*WHAT IS BEING ASKED*: Omit all pictures, and print word for word only the lines from the one containing "Logos for Audacy, Braze, and Zilker" through the end of the data.
═════ SOURCE MATERIAL ═════
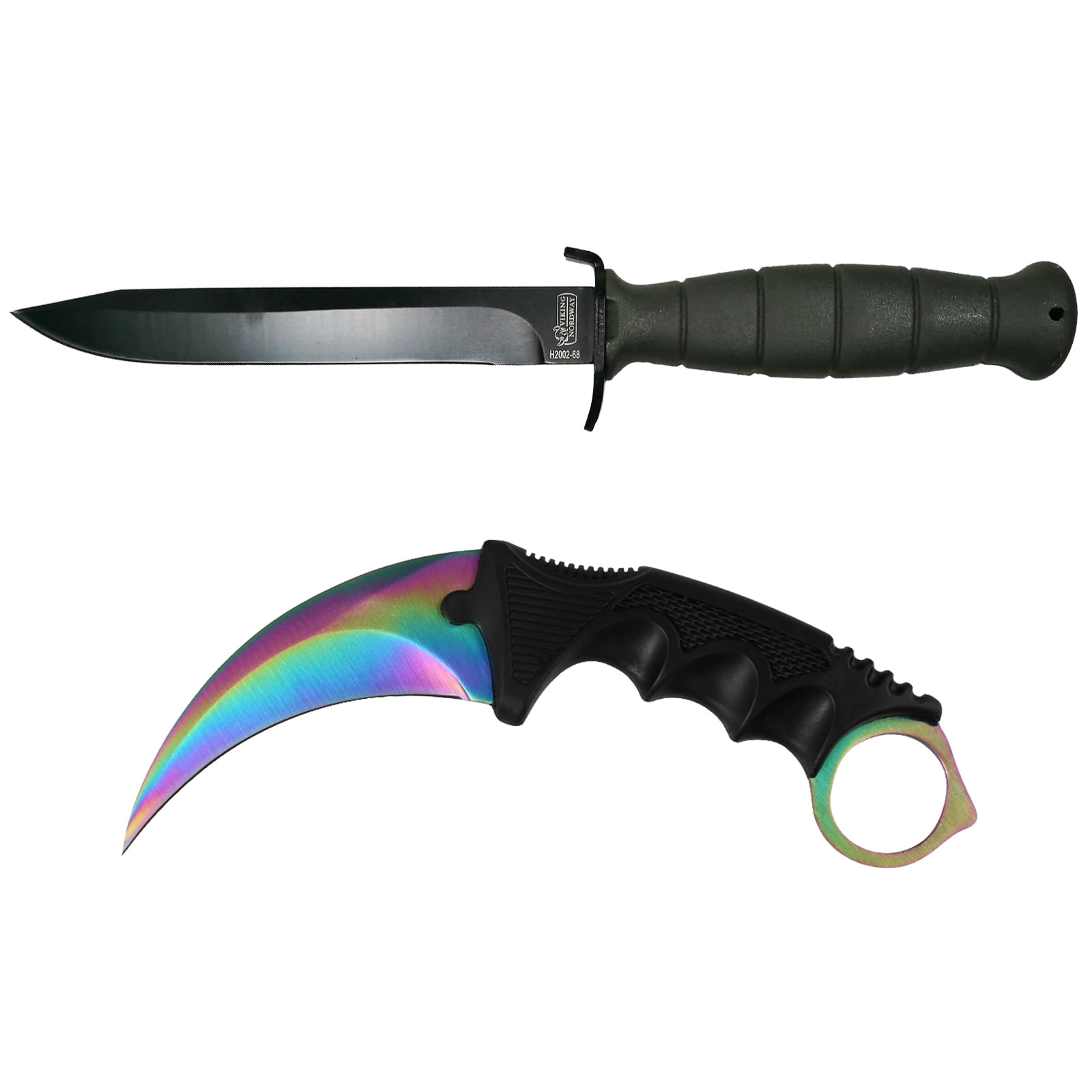 Set cutite tactice IdeallStore®, Survival Helper, militar si comando, otel inoxidabil, 29 cm, multicolor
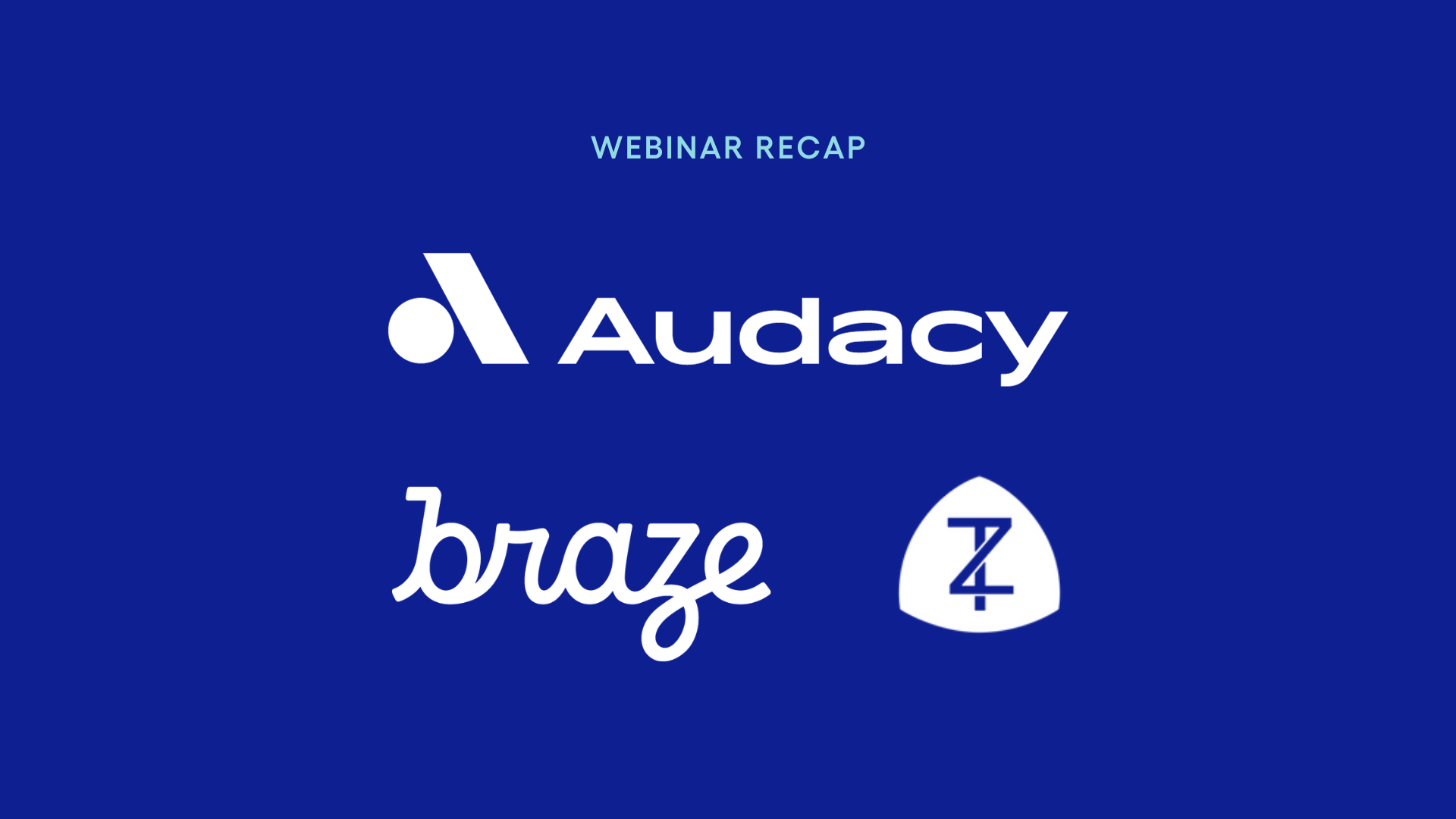 Logos for Audacy, Braze, and Zilker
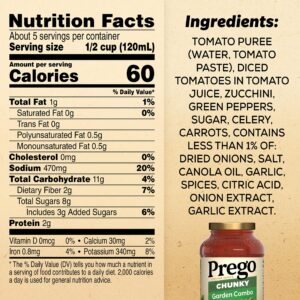 Prego Chunky Garden Combo Pasta Sauce, 23.75 Oz Jar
═════
*OUTPUT OF THE EXERCISE*:
 Logos for Audacy, Braze, and Zilker
 Prego Chunky Garden Combo Pasta Sauce, 23.75 Oz Jar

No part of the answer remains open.